## PROBLEM DESCRIPTION
Each record below is to be copied exactly; the pictures are to be omitted.
MATERIAL SHOWN section start
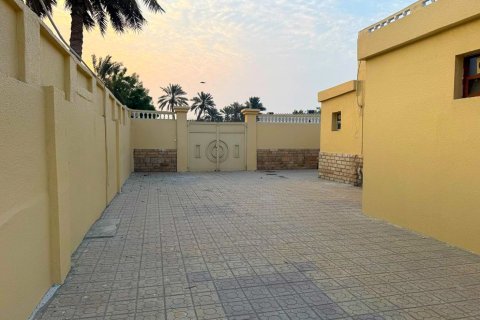 Βίλα σε Al Rams, Ras Al Khaimah, ΗΑΕ 6 υπνοδωμάτια, 595 τ.μ. Αρ. 735250 - φωτογραφία 3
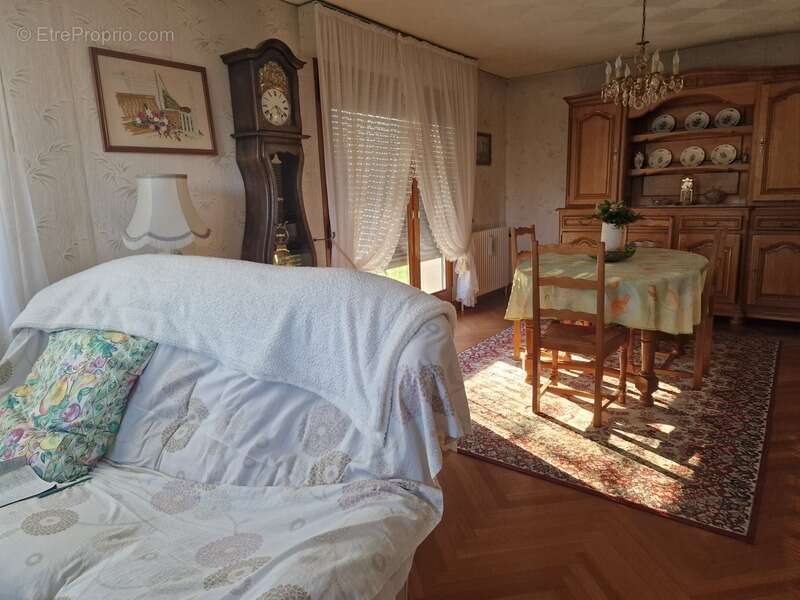 Maison à CONTREXEVILLE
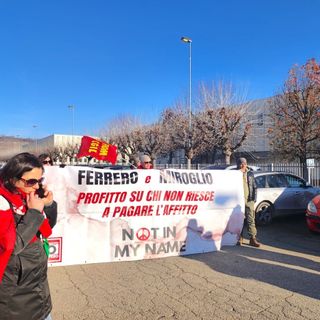 Nelle foto alcune immagini della protesta tenuta questa mattina nell'area industriale di viale Nogaris a Pollenzo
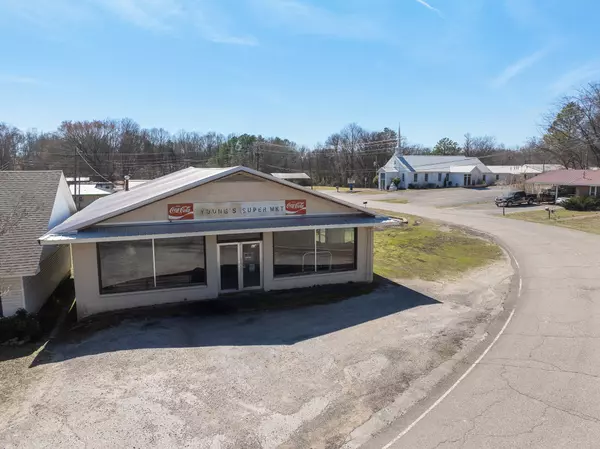 Parsons, TN 38363,1213 Perryville Rd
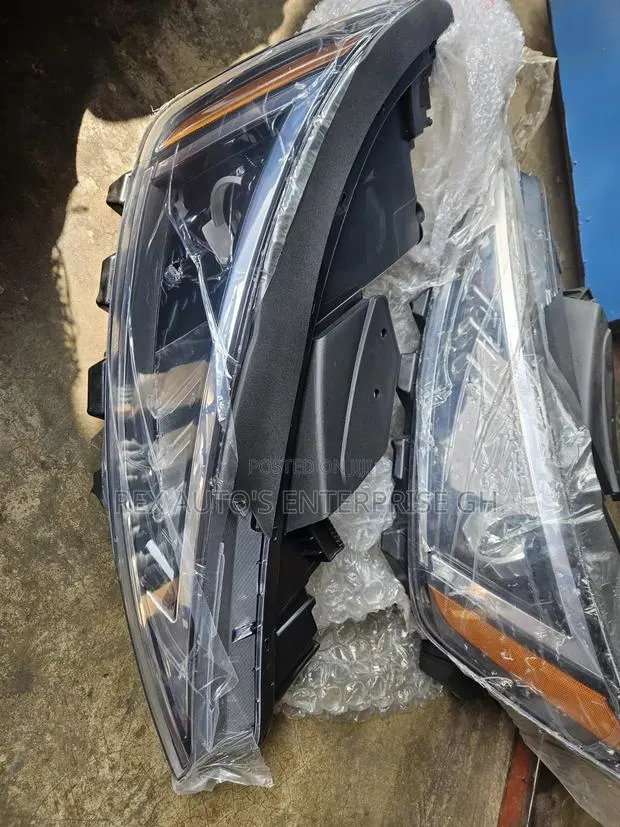 Elantra 2019/2020 Headlight (Normal) · Photo 1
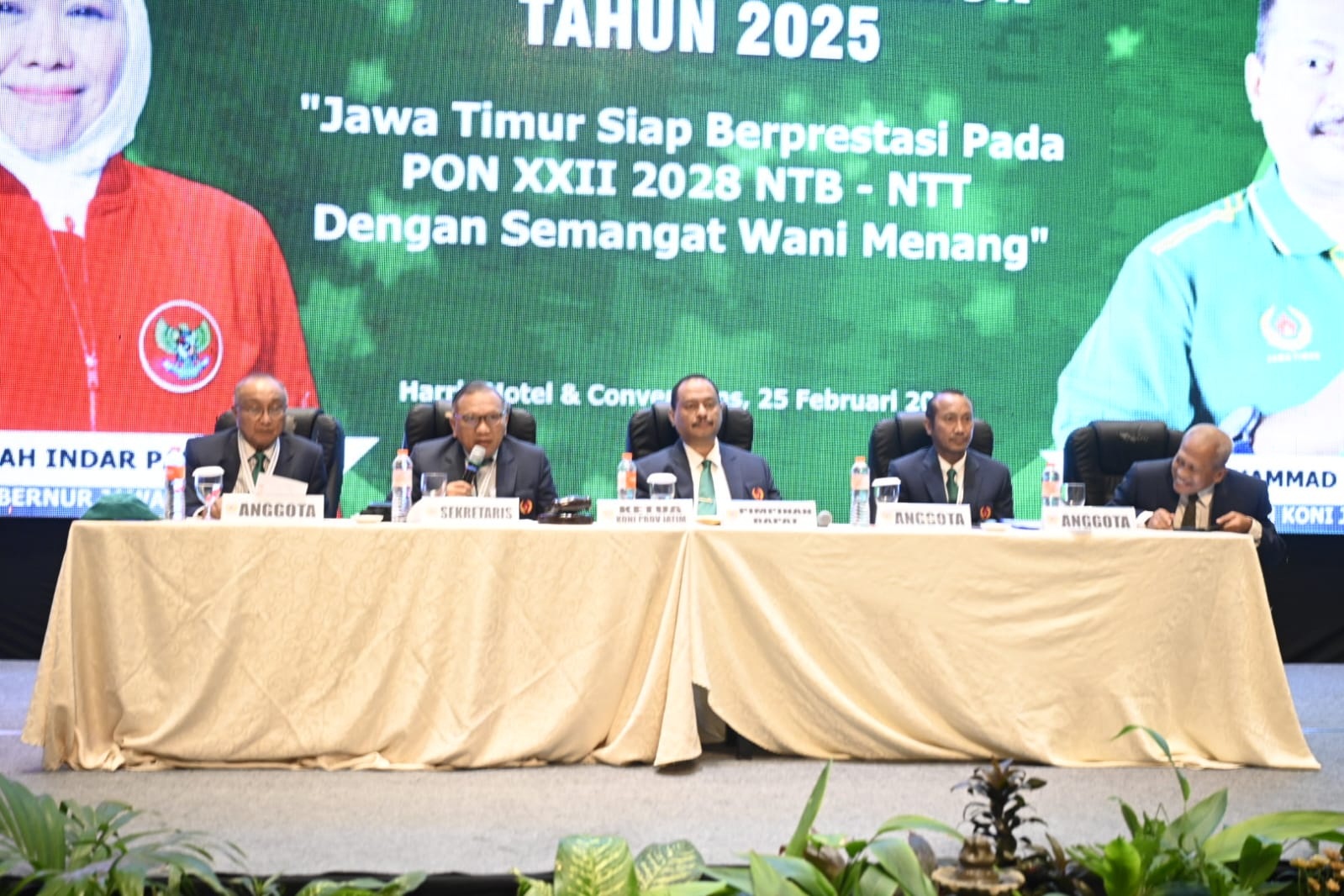 Ketua KONI Jatim Muhammad Nabil (tengah) memimpin Rakerprov KONI Jatim 2025.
MATERIAL SHOWN section end
## WRITTEN REPLY
 Βίλα σε Al Rams, Ras Al Khaimah, ΗΑΕ 6 υπνοδωμάτια, 595 τ.μ. Αρ. 735250 - φωτογραφία 3
 Maison à CONTREXEVILLE
 Nelle foto alcune immagini della protesta tenuta questa mattina nell'area industriale di viale Nogaris a Pollenzo
 Parsons, TN 38363,1213 Perryville Rd
 Elantra 2019/2020 Headlight (Normal) · Photo 1
 Ketua KONI Jatim Muhammad Nabil (tengah) memimpin Rakerprov KONI Jatim 2025.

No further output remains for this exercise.